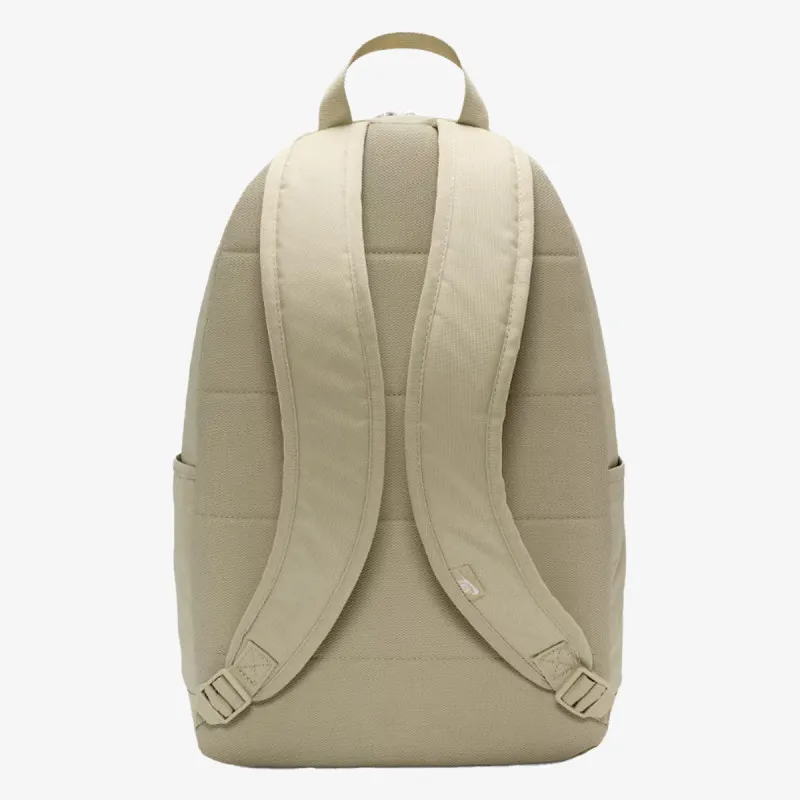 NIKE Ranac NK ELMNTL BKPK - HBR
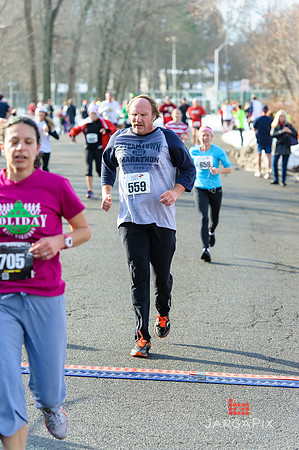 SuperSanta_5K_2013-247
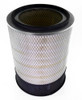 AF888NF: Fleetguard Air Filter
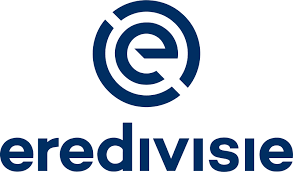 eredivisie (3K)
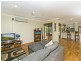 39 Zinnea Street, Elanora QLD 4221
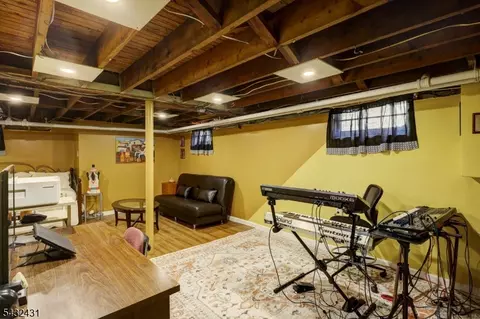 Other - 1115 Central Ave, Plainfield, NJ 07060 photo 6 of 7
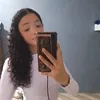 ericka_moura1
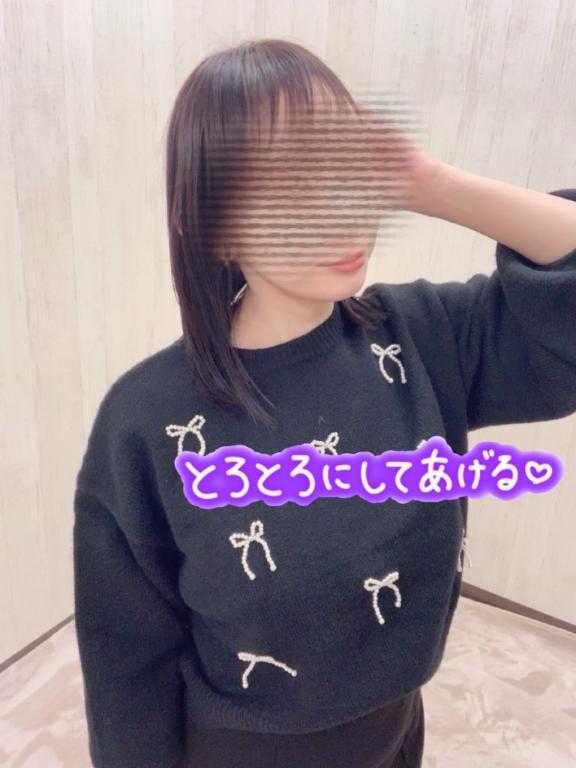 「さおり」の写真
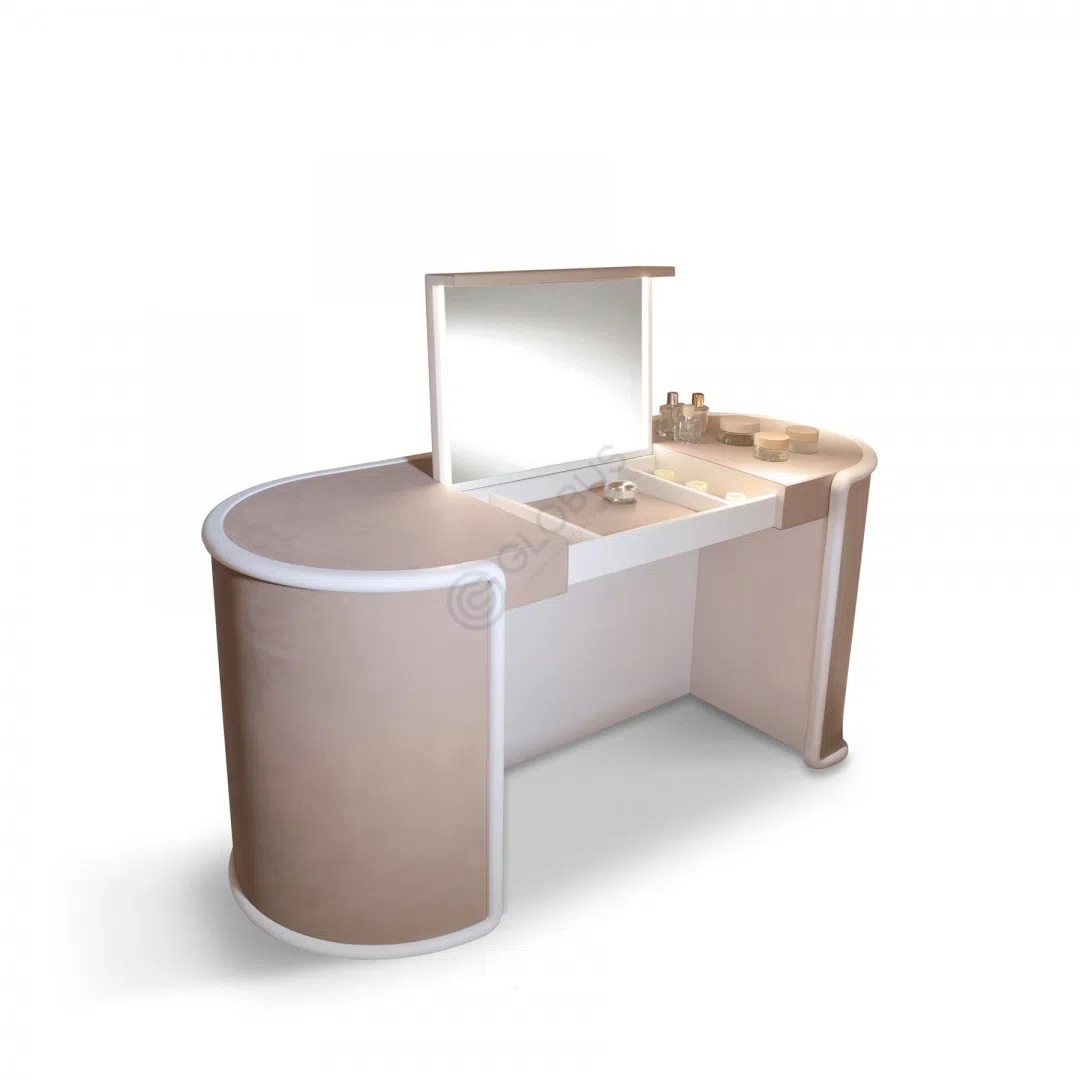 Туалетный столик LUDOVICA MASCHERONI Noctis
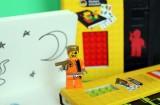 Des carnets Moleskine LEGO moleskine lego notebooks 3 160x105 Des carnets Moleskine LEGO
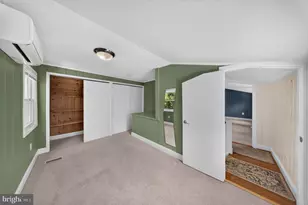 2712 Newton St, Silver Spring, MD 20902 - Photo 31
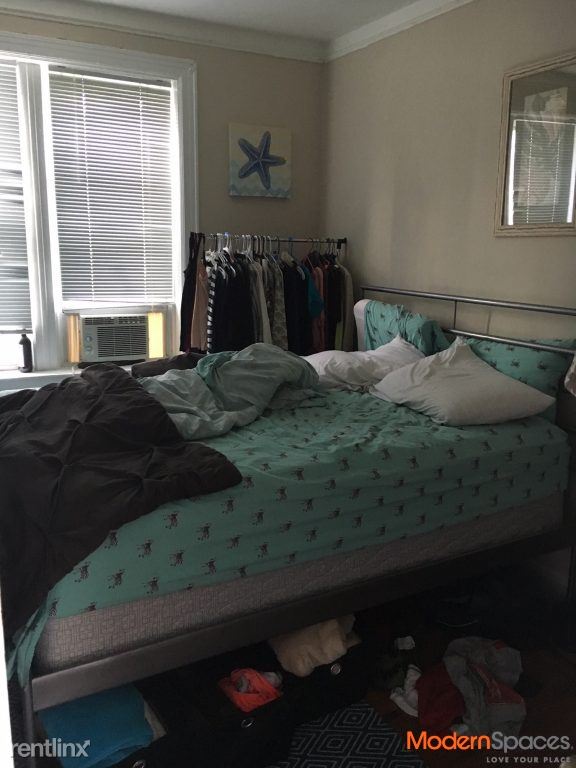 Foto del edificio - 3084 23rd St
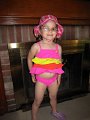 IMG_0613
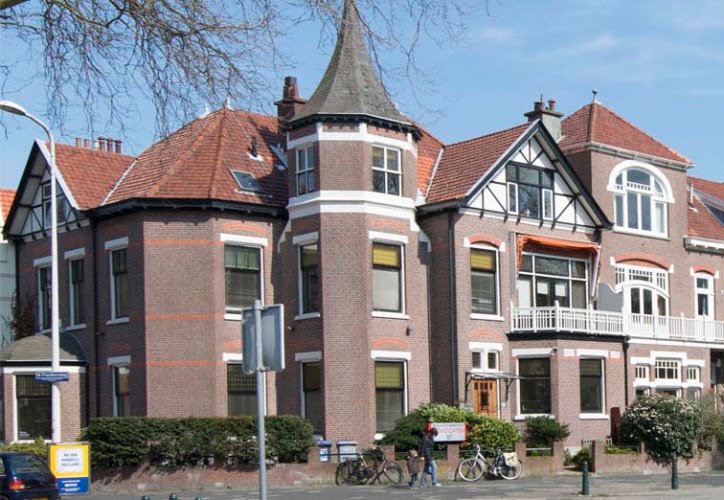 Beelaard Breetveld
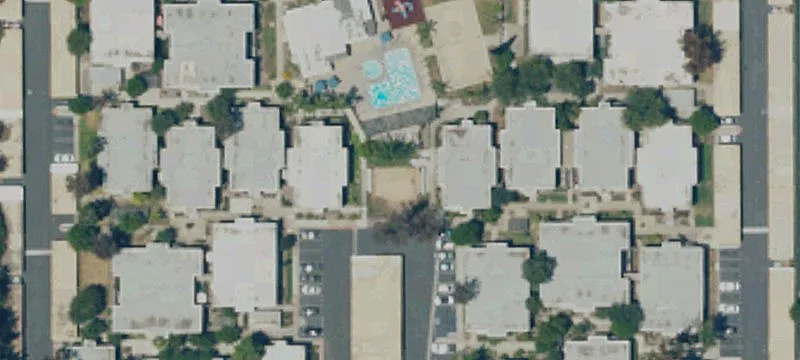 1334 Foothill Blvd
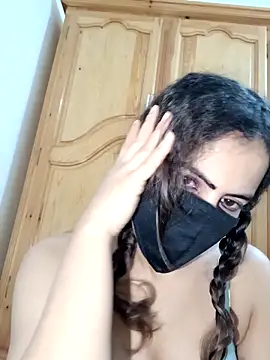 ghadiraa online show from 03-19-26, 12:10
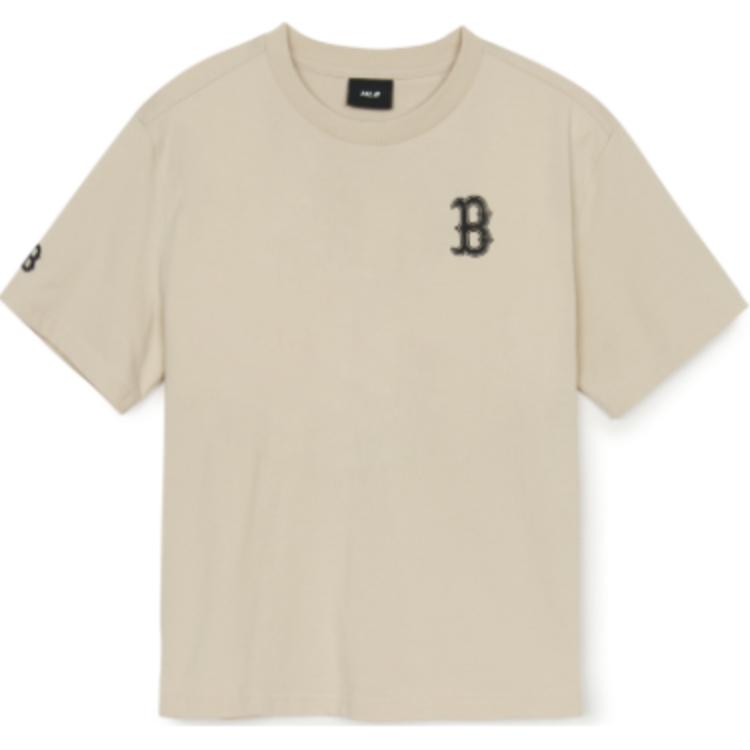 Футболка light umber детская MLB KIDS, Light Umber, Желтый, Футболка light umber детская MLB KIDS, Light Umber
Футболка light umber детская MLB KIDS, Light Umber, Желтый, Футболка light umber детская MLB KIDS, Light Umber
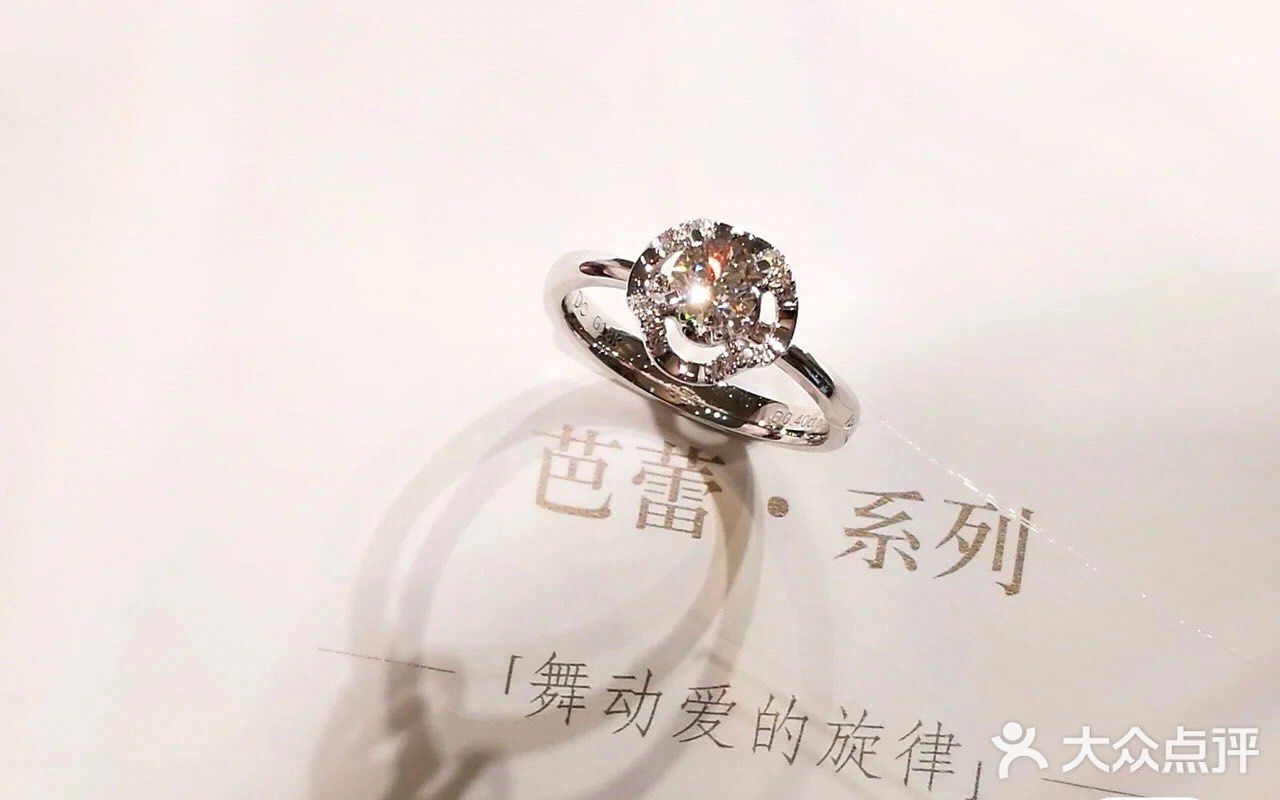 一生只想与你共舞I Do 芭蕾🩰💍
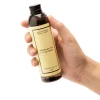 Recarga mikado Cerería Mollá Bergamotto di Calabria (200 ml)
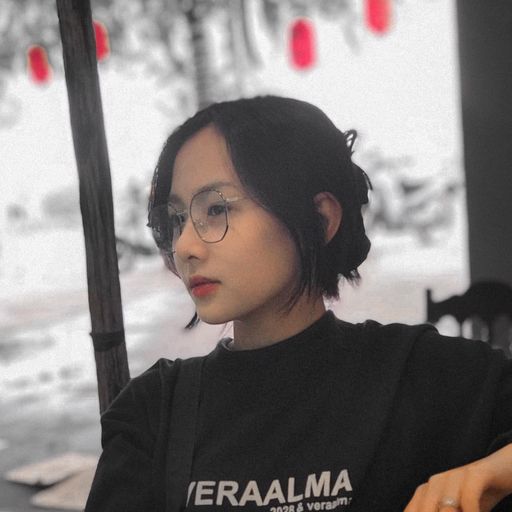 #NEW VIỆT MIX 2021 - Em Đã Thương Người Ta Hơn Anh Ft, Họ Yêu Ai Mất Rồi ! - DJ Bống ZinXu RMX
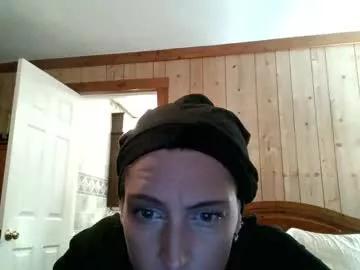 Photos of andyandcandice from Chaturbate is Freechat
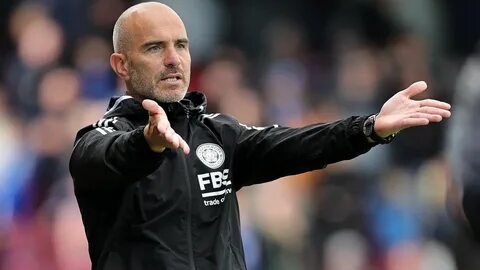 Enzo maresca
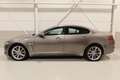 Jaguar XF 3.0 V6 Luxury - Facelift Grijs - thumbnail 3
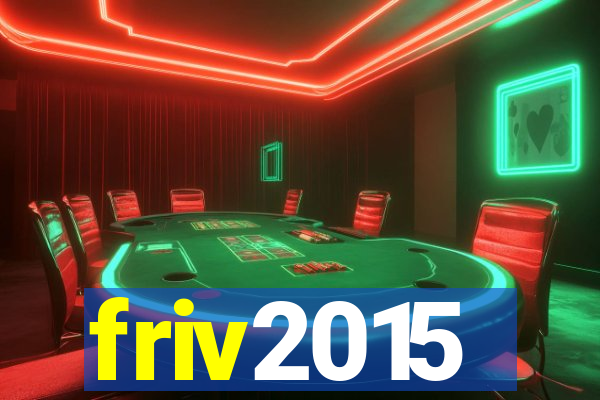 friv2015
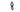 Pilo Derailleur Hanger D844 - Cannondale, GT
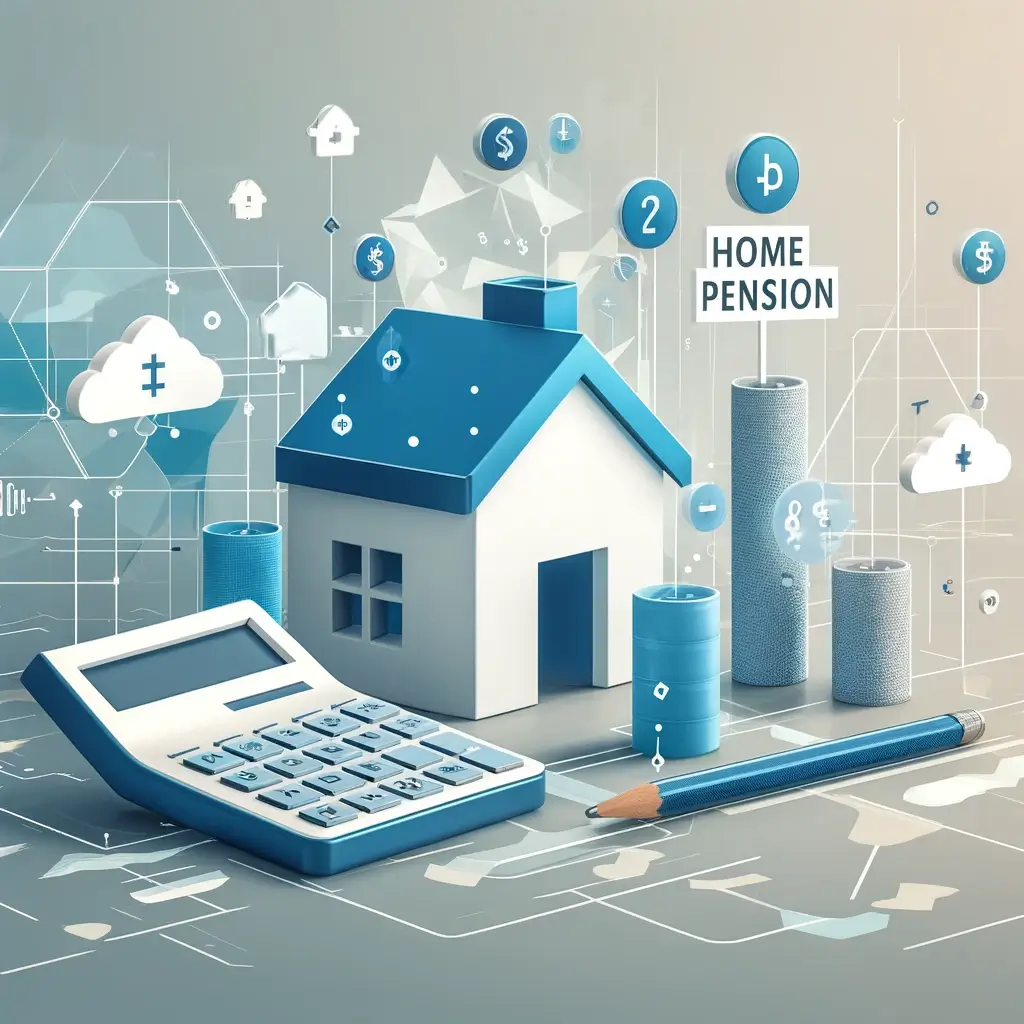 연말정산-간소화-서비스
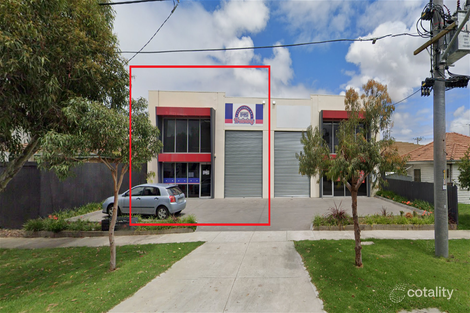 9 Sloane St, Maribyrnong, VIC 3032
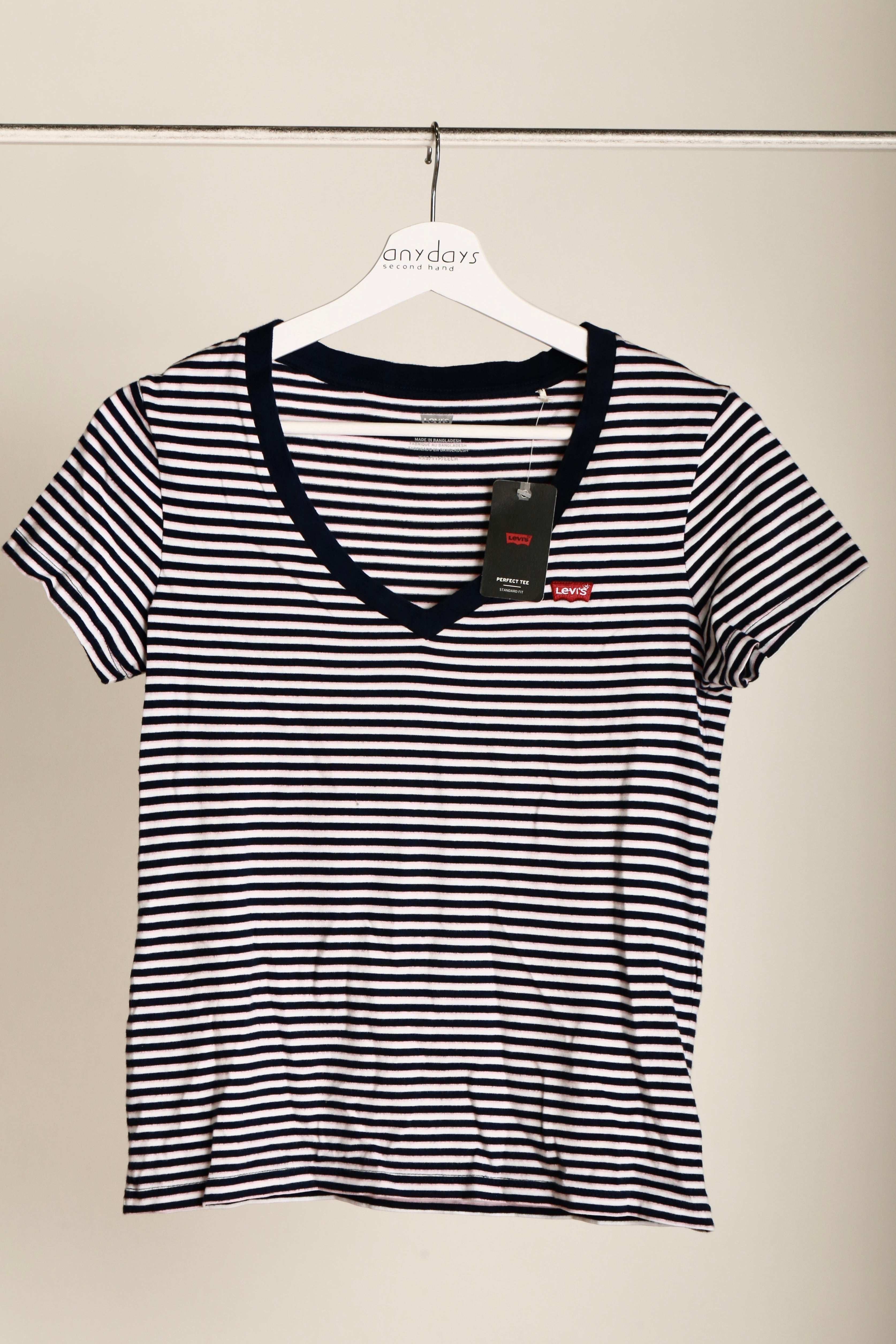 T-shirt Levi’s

+--

- **Task requirements**: Your copy should match every entry above exactly and contain no pictures.

- **Written reply**:
 NIKE Ranac NK ELMNTL BKPK - HBR
 SuperSanta_5K_2013-247
 AF888NF: Fleetguard Air Filter
 eredivisie (3K)
 39 Zinnea Street, Elanora QLD 4221
 Other - 1115 Central Ave, Plainfield, NJ 07060 photo 6 of 7
 ericka_moura1
 「さおり」の写真
 Туалетный столик LUDOVICA MASCHERONI Noctis
 Des carnets Moleskine LEGO moleskine lego notebooks 3 160x105 Des carnets Moleskine LEGO
 2712 Newton St, Silver Spring, MD 20902 - Photo 31
 Foto del edificio - 3084 23rd St
 IMG_0613
 Beelaard Breetveld
 1334 Foothill Blvd
 ghadiraa online show from 03-19-26, 12:10
 Футболка light umber детская MLB KIDS, Light Umber, Желтый, Футболка light umber детская MLB KIDS, Light Umber
Футболка light umber детская MLB KIDS, Light Umber, Желтый, Футболка light umber детская MLB KIDS, Light Umber
 一生只想与你共舞I Do 芭蕾🩰💍
 Recarga mikado Cerería Mollá Bergamotto di Calabria (200 ml)
 #NEW VIỆT MIX 2021 - Em Đã Thương Người Ta Hơn Anh Ft, Họ Yêu Ai Mất Rồi ! - DJ Bống ZinXu RMX
 Photos of andyandcandice from Chaturbate is Freechat
 Enzo maresca
 Jaguar XF 3.0 V6 Luxury - Facelift Grijs - thumbnail 3
 friv2015
 Pilo Derailleur Hanger D844 - Cannondale, GT
 연말정산-간소화-서비스
 9 Sloane St, Maribyrnong, VIC 3032
 T-shirt Levi’s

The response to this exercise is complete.